[TASK TO COMPLETE]
In your transcription, keep every record exact and leave out the pictures.

Content starts

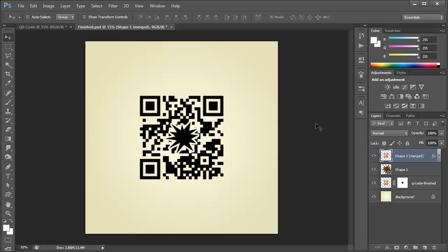Hey, how's it going? Robert here from robertsproductions.net coming at you with a real quick update on the QR code tutorial that I did about a year ago.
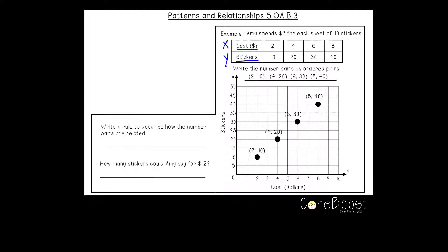So if we write those number pairs as ordered pairs: (2, 10), (4, 20), (6, 30), and (8, 40). Now if we go down to our coordinate grid and plot those points, we would go over two and up ten for (2, 10), over four and up twenty, over six and up thirty, and over eight and up forty.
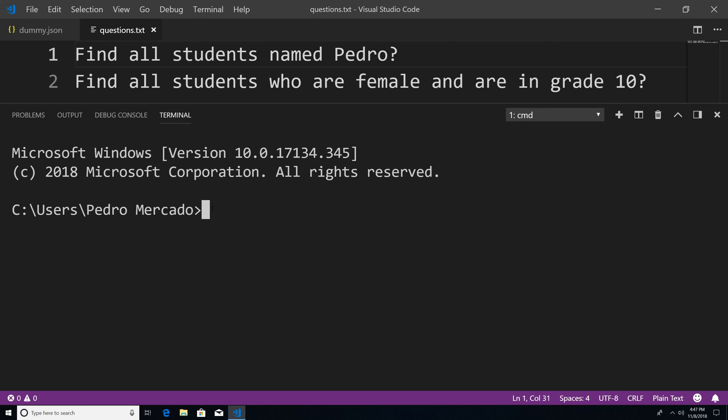And in this tutorial, we're going to be talking about how we could query the database. Now we've already queried the database by calling all the documents within a collection using the find method. But now I want to be more specific. I want to be able to search for certain documents within the collection, as opposed to returning all of them from a collection.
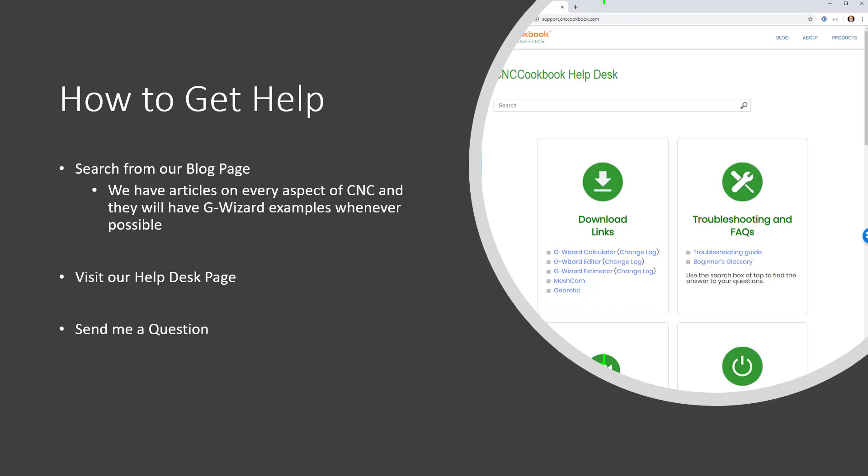Last, email me a question. Bob at cnccookbook.com. I read all my emails. Now I'll tell you, that's not the fastest way to get a response because I get a lot of emails. The help desk page is going to be quicker for you. But just so you know, if you want to email me with feedback or whatever, I love to hear from people.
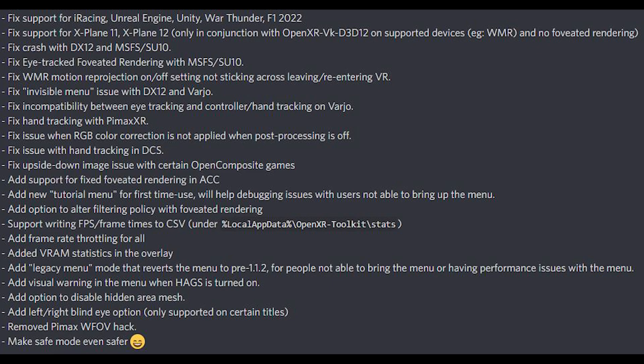A few other technical details have been updated, such as RGB colour correction not being applied when post-processing is off, hand tracking in DCS, upside-down image issues with certain OpenComposite games, and support for fixed foveated rendering in Assetto Corsa Competizione. A new tutorial menu for first-time use will help with debugging issues for users not able to bring up the menu. And an option to alter the filtering policy with foveated rendering is now introduced.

Content ends

[RESULT OF THIS TASK]
Hey, how's it going? Robert here from robertsproductions.net coming at you with a real quick update on the QR code tutorial that I did about a year ago.
So if we write those number pairs as ordered pairs: (2, 10), (4, 20), (6, 30), and (8, 40). Now if we go down to our coordinate grid and plot those points, we would go over two and up ten for (2, 10), over four and up twenty, over six and up thirty, and over eight and up forty.
And in this tutorial, we're going to be talking about how we could query the database. Now we've already queried the database by calling all the documents within a collection using the find method. But now I want to be more specific. I want to be able to search for certain documents within the collection, as opposed to returning all of them from a collection.
Last, email me a question. Bob at cnccookbook.com. I read all my emails. Now I'll tell you, that's not the fastest way to get a response because I get a lot of emails. The help desk page is going to be quicker for you. But just so you know, if you want to email me with feedback or whatever, I love to hear from people.
A few other technical details have been updated, such as RGB colour correction not being applied when post-processing is off, hand tracking in DCS, upside-down image issues with certain OpenComposite games, and support for fixed foveated rendering in Assetto Corsa Competizione. A new tutorial menu for first-time use will help with debugging issues for users not able to bring up the menu. And an option to alter the filtering policy with foveated rendering is now introduced.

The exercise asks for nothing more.